Attach the HeatStick to your iron, heat it up and place it into your access hole. Stew-Mac says to use the highest setting on your iron. I set mine at about 800 degrees F, not quite all the way up, which is about 850.
In this shot, you can see that angle I mentioned. I try to follow the angle of the dovetail.
Just like you would with steam, let the joint get hot for a couple minutes, wiggle it until it starts to move a bit. I took the iron out several times because I didn't want the iron to overheat. I also kept cleaning the tip as well.
Some of the reviewers indicated their irons went up in smoke, so I was a bit wary. Although I'm not sure how the iron would be ruined, to be honest.
One other note - the fret dot markers are painted on! I believe they were not original to the guitar - they're not exactly circular and have clear brush marks. I'm going to sand them off and replace them with pearl dots.
After wiggling the neck a bit and tightening up the tension screw at the bottom of the heel, we can see the neck is beginning to separate - note that light is visible at the bottom of the heel next to the body.
Heat, wiggle, tension, etc., until...poof...the joint gives way.
We've removed the neck!
The neck was originally glued with hide glue. You can see some of the residue that got picked up on the end of the HeatStick. I wiped this off a few times during the process.
"HeatStick?" Really, is that the best they can do?
Here's the removed neck. Note the original shims on the dovetail. Not quite as well made as a Martin, but it did (does) the job.
If you look closely, you'll see the spot where my drill bit went in - a touch too far in, not exactly perfect but it worked fine. The key is to hit an edge of the dovetail, and not the center.
I suspect folks who do resets every day on the same guitars (e.g. Martins) know the exact spot to drill the hole.
I discovered the fingerboard was coming up from the actual neck right near the dovetail. I decided to fix it right away.

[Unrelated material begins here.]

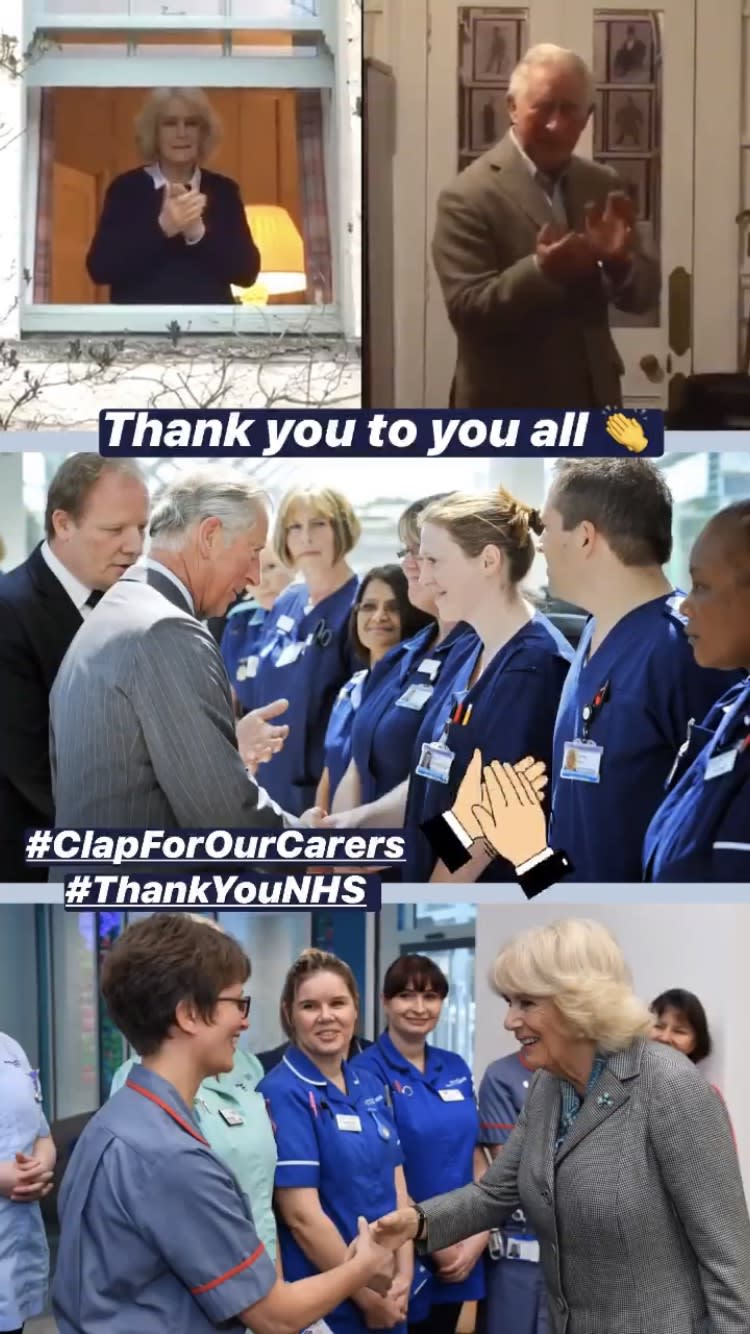 A screengrab from Clarence House instagram as the duke and duchess joined the clap for carers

I used hot hide glue injected into the joint. Note I am also using a seam separation knife (on the right) to hold the joint open as much as possible so I can get glue deep into the separation.
Here's the joint clamped up until the glue dries.
Next, I'll continue the neck set by removing material from the bottom of the heel joint to pitch the neck back. I also need to refret the neck and I'm going to re-dye the fingerboard.